Have any of you used “Practice Makes Perfect: Complete Japanese Grammar” and if so, what were your thoughts?

It seems pretty thorough, but what was your experience?

2 comments
  1. It’s about as complete as Tae Kim in the sense that it’s a bunch of stuff someone should know well to start taking on native materials, but it sure as hell won’t prepare you for something like N2 for example. It’s been a while since I went through the book, but I remember it did give me insight into what I did and didn’t know well enough, and after I ironed those out, I had mostly enough grammar to go months without looking up grammar in my readings (at approximately an N3 level at the time).

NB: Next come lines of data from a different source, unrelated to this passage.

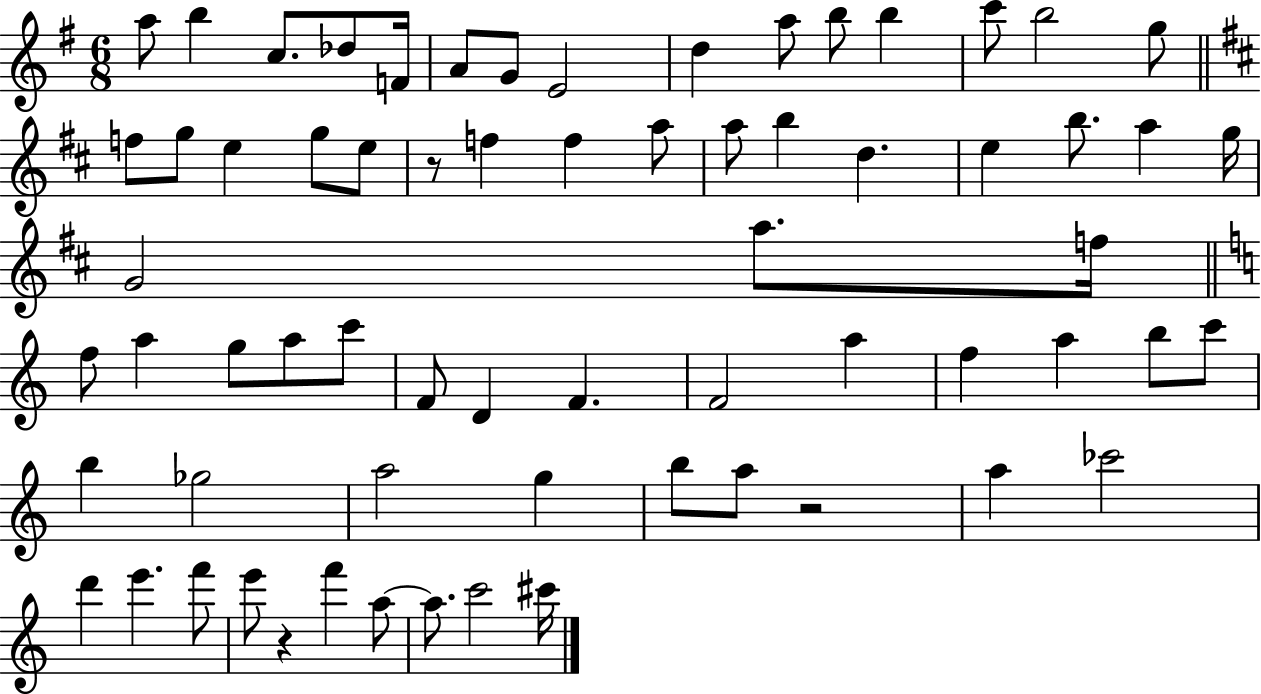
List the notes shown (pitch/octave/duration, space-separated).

A5/e B5/q C5/e. Db5/e F4/s A4/e G4/e E4/h D5/q A5/e B5/e B5/q C6/e B5/h G5/e F5/e G5/e E5/q G5/e E5/e R/e F5/q F5/q A5/e A5/e B5/q D5/q. E5/q B5/e. A5/q G5/s G4/h A5/e. F5/s F5/e A5/q G5/e A5/e C6/e F4/e D4/q F4/q. F4/h A5/q F5/q A5/q B5/e C6/e B5/q Gb5/h A5/h G5/q B5/e A5/e R/h A5/q CES6/h D6/q E6/q. F6/e E6/e R/q F6/q A5/e A5/e. C6/h C#6/s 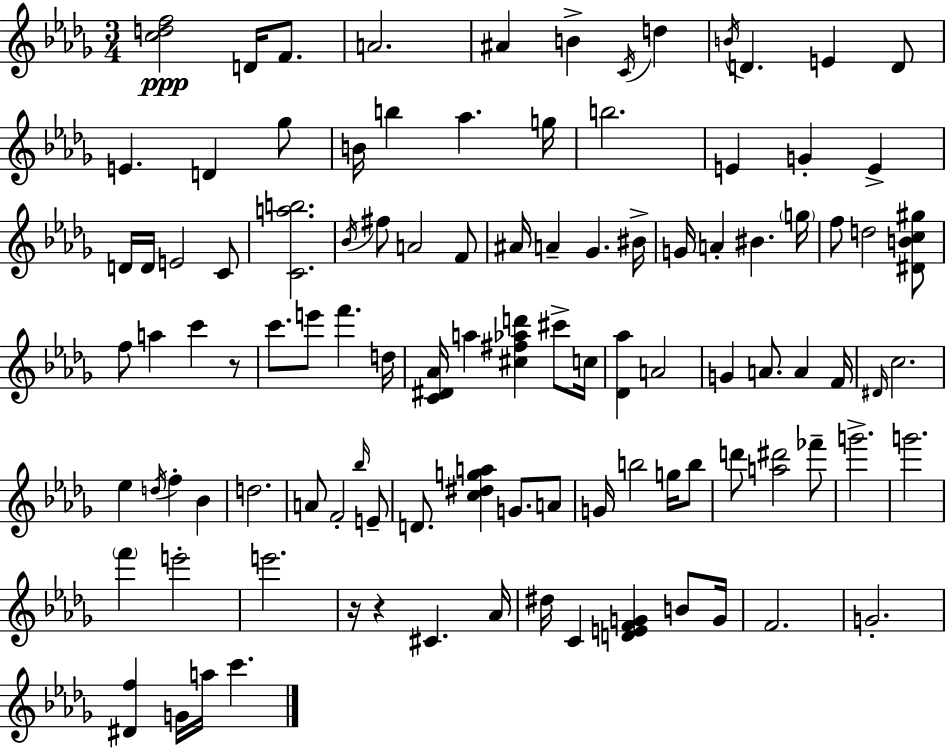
[C5,D5,F5]/h D4/s F4/e. A4/h. A#4/q B4/q C4/s D5/q B4/s D4/q. E4/q D4/e E4/q. D4/q Gb5/e B4/s B5/q Ab5/q. G5/s B5/h. E4/q G4/q E4/q D4/s D4/s E4/h C4/e [C4,A5,B5]/h. Bb4/s F#5/e A4/h F4/e A#4/s A4/q Gb4/q. BIS4/s G4/s A4/q BIS4/q. G5/s F5/e D5/h [D#4,B4,C5,G#5]/e F5/e A5/q C6/q R/e C6/e. E6/e F6/q. D5/s [C4,D#4,Ab4]/s A5/q [C#5,F#5,Ab5,D6]/q C#6/e C5/s [Db4,Ab5]/q A4/h G4/q A4/e. A4/q F4/s D#4/s C5/h. Eb5/q D5/s F5/q Bb4/q D5/h. A4/e F4/h Bb5/s E4/e D4/e. [C5,D#5,G5,A5]/q G4/e. A4/e G4/s B5/h G5/s B5/e D6/e [A5,D#6]/h FES6/e G6/h. G6/h. F6/q E6/h E6/h. R/s R/q C#4/q. Ab4/s D#5/s C4/q [D4,E4,F4,G4]/q B4/e G4/s F4/h. G4/h. [D#4,F5]/q G4/s A5/s C6/q. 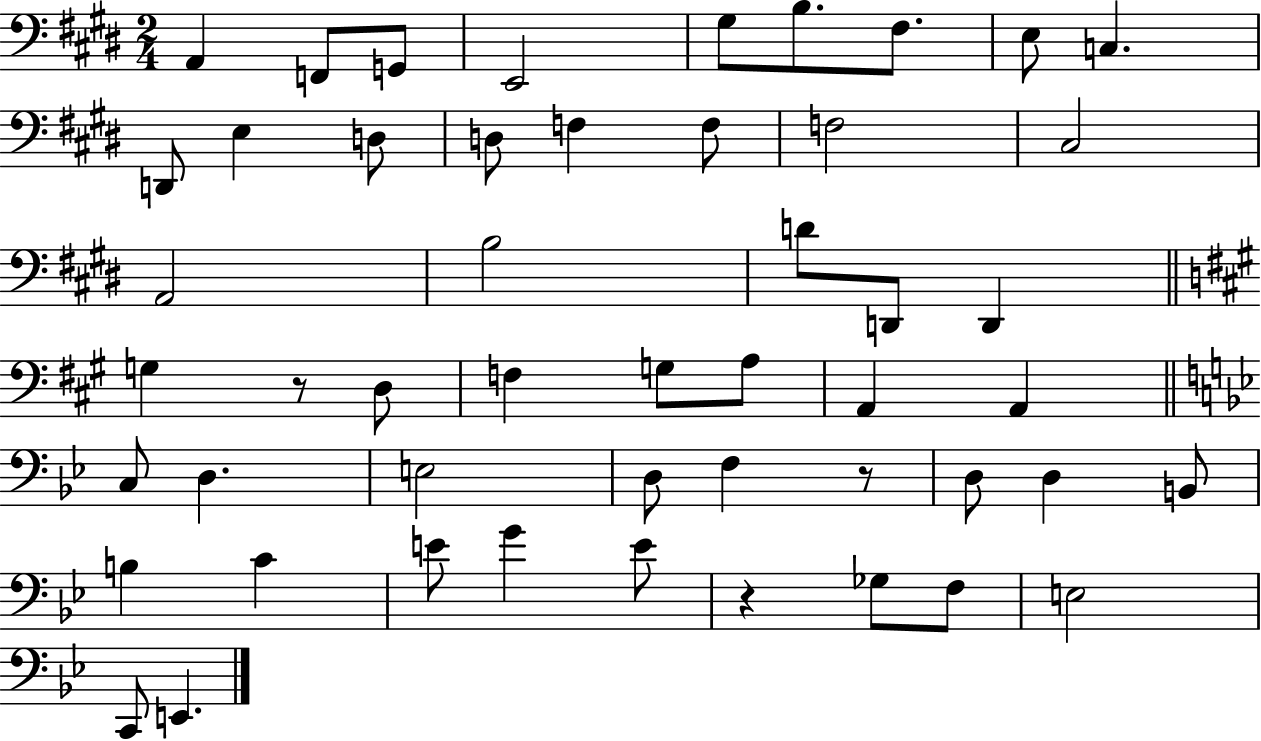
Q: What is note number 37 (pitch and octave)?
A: B2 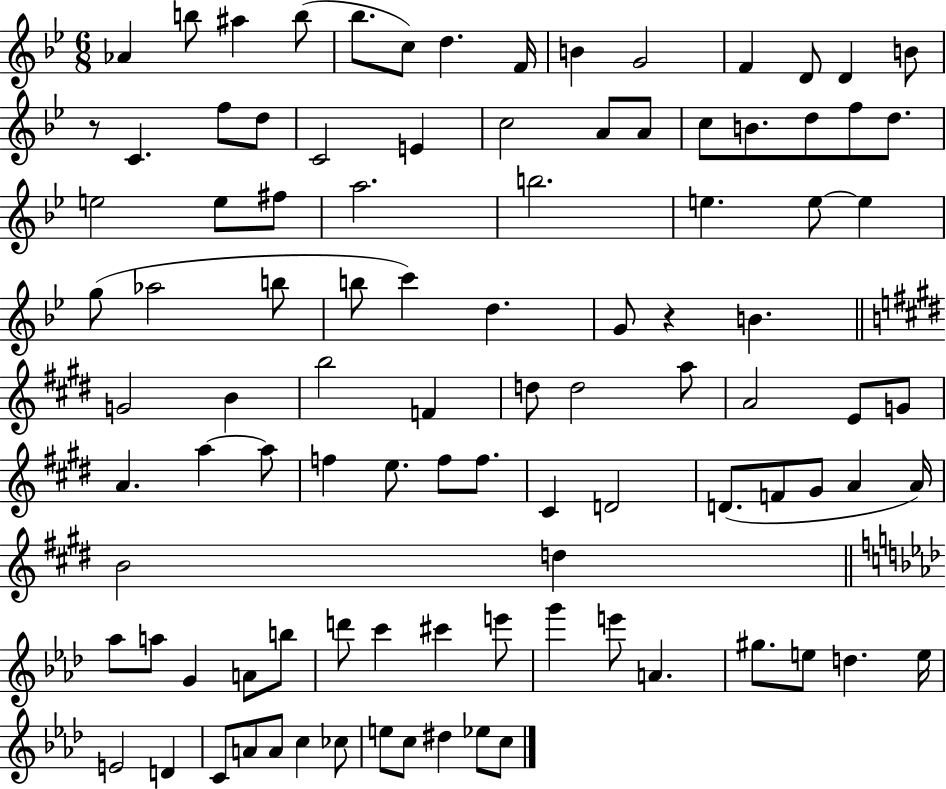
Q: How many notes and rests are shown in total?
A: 99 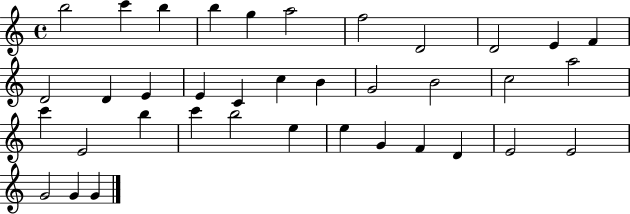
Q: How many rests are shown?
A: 0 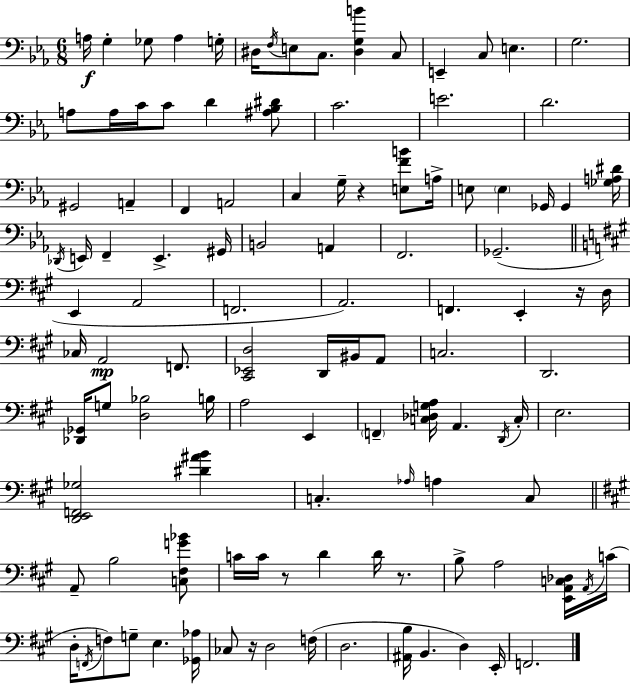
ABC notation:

X:1
T:Untitled
M:6/8
L:1/4
K:Cm
A,/4 G, _G,/2 A, G,/4 ^D,/4 F,/4 E,/2 C,/2 [^D,G,B] C,/2 E,, C,/2 E, G,2 A,/2 A,/4 C/4 C/2 D [^A,_B,^D]/2 C2 E2 D2 ^G,,2 A,, F,, A,,2 C, G,/4 z [E,FB]/2 A,/4 E,/2 E, _G,,/4 _G,, [_G,A,^D]/4 _D,,/4 E,,/4 F,, E,, ^G,,/4 B,,2 A,, F,,2 _G,,2 E,, A,,2 F,,2 A,,2 F,, E,, z/4 D,/4 _C,/4 A,,2 F,,/2 [^C,,_E,,D,]2 D,,/4 ^B,,/4 A,,/2 C,2 D,,2 [_D,,_G,,]/4 G,/2 [D,_B,]2 B,/4 A,2 E,, F,, [C,_D,G,A,]/4 A,, D,,/4 C,/4 E,2 [D,,E,,F,,_G,]2 [^D^AB] C, _A,/4 A, C,/2 A,,/2 B,2 [C,^F,G_B]/2 C/4 C/4 z/2 D D/4 z/2 B,/2 A,2 [E,,A,,C,_D,]/4 A,,/4 C/4 D,/4 F,,/4 F,/2 G,/2 E, [_G,,_A,]/4 _C,/2 z/4 D,2 F,/4 D,2 [^A,,B,]/4 B,, D, E,,/4 F,,2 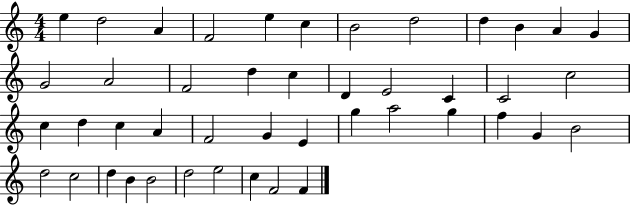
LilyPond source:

{
  \clef treble
  \numericTimeSignature
  \time 4/4
  \key c \major
  e''4 d''2 a'4 | f'2 e''4 c''4 | b'2 d''2 | d''4 b'4 a'4 g'4 | \break g'2 a'2 | f'2 d''4 c''4 | d'4 e'2 c'4 | c'2 c''2 | \break c''4 d''4 c''4 a'4 | f'2 g'4 e'4 | g''4 a''2 g''4 | f''4 g'4 b'2 | \break d''2 c''2 | d''4 b'4 b'2 | d''2 e''2 | c''4 f'2 f'4 | \break \bar "|."
} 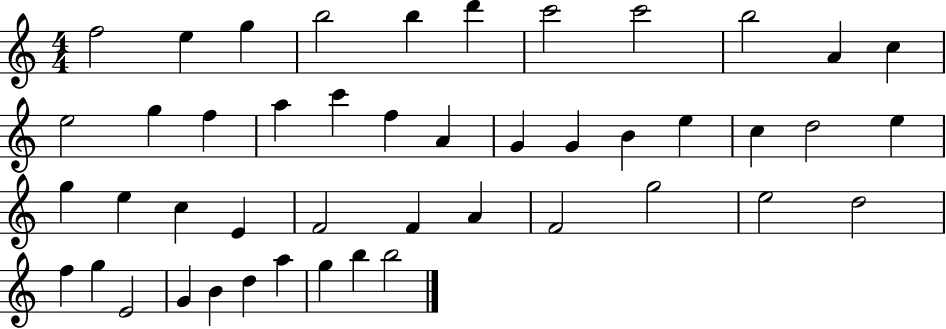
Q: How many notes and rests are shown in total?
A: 46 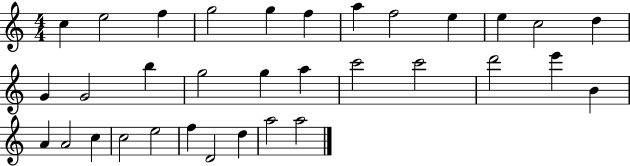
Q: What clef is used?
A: treble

  2. I’m currently working through it and I feel it’s okay. It teaches enough to start reading native material, in my opinion, but it’s not great if you want explanations on some finer details. Just today, I did one of the exercises and wondered why the example sentence used ikenai and the one in the exercise used ikanai. I looked it up on imabi and I got the difference but it’s not explained anywhere (as far as I know) in the book. The explanations are usually short with a few example sentences and then an exercise. I bought it because this system looked good to me and so far I think it’s working. My Japanese is still pretty basic but the book definitely shows me the areas where I need to work more (like conjugation for example). The use of romaji is a bit irritating. There’s a little dictionary at the back which is kind of useless because it doesn’t have any kanji, just romaji-English. I haven’t tried other books, so I can’t tell you if this book is better or worse than others.